Jiri Hladky wrote:
Hi all,
I have tried to compare sse version of sin() to 387 version of sin() on
-core duo (Intel(R) Core(TM)2 CPU T7400 @ 2.16GHz)
-AMD Athlon(tm) 64 X2 Dual Core Processor 4800+
To my surprise
gcc -c -g -m64 -Wall -mfpmath=387 -o sin_387.o sin.c
is still using sse version of sin() from libm.a (and not calling fsin as I
would expect)
When I use -mfpmath=387 -ffast-math
gcc -c -g -m64 -Wall -mfpmath=387 -ffast-math -o sin_387_fast_math.o sin.c
then I will get 387 version of sin()!!!
This is puzzling me.
For me it seems like bug - I would expect -mfpmath=387 to use always 387
version of sin. And why -ffast-math enables 387 is also unclear to me!?

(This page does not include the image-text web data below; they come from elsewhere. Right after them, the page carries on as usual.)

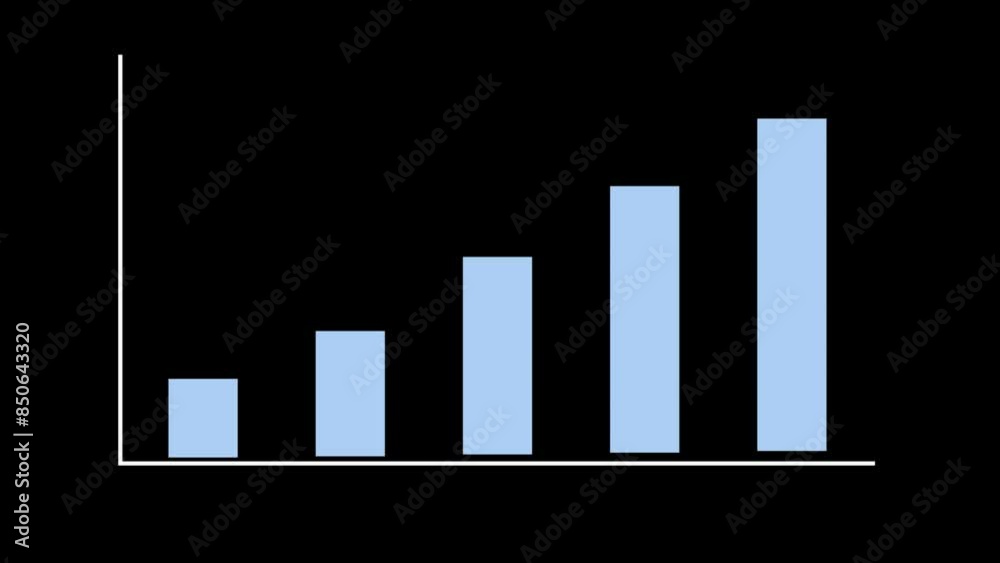 business graph growth concept animation. business graph growth concept animation.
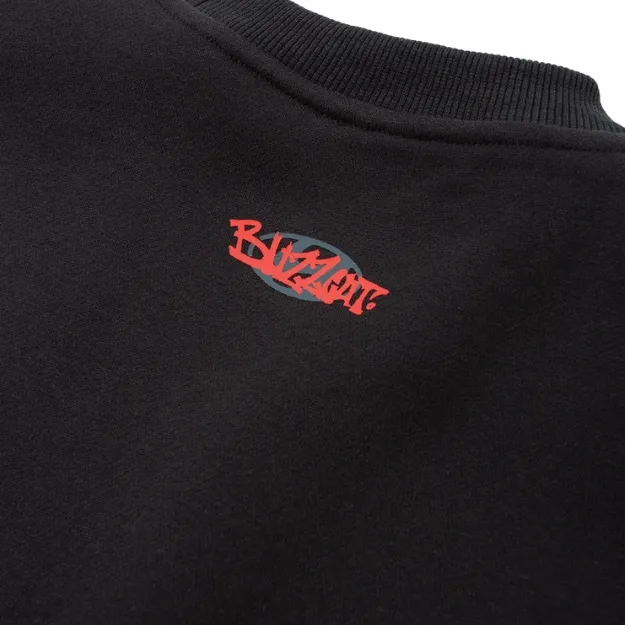 Buzzcut Delinquent Charcoal Crew Jumper [Size: L]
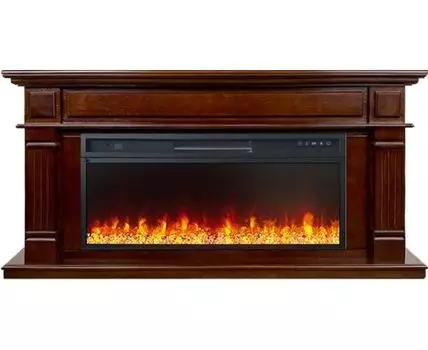 Каминокомплект Atlanta - Темный дуб (Ширина 1500 мм) с очагом Vision 42 LED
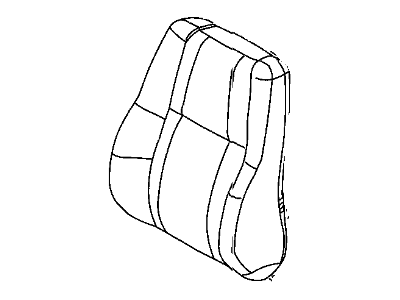 Jeep 1PP96XDVAA COVER Front Seat Back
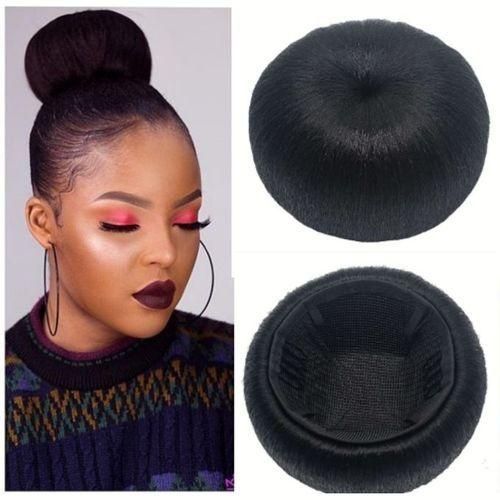 Donut Hair Bun Extension Colour Black+gift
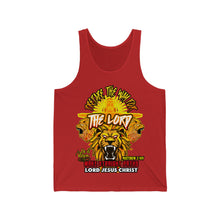 Load image into Gallery viewer, Unisex Jersey Tank PREPARE THE WAY FOR THE LORD MATTHEW 3 NIV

Testcase is attached. Run it with
make clean && make run
************Results on Athlon***************************************
time sin_387 0.5
Input: 0x1p-1, Output: 0x1.44e3aefd8ba93p-15
27.99user 0.04system 0:28.36elapsed 98%CPU (0avgtext+0avgdata 0maxresident)k
0inputs+0outputs (0major+93minor)pagefaults 0swaps
time sin_sse 0.5
Input: 0x1p-1, Output: 0x1.44e3aefd8ba93p-15
28.70user 0.06system 0:29.30elapsed 98%CPU (0avgtext+0avgdata 0maxresident)k
0inputs+0outputs (0major+93minor)pagefaults 0swaps
time sin_387_fast_math 0.5
Input: 0x1p-1, Output: 0x1.44e3aefe00c04p-15
82.72user 0.08system 1:23.84elapsed 98%CPU (0avgtext+0avgdata 0maxresident)k
0inputs+0outputs (0major+92minor)pagefaults 0swaps
**************************************************************************
diff sin_387.obj sin_sse.obj
=>files are same!!!
grep fsin *obj*
=>Hits only sin_387_fast_math*obj*
I have tried with following two versions: of gcc
gcc version 4.1.2 20061115 (prerelease) (SUSE Linux)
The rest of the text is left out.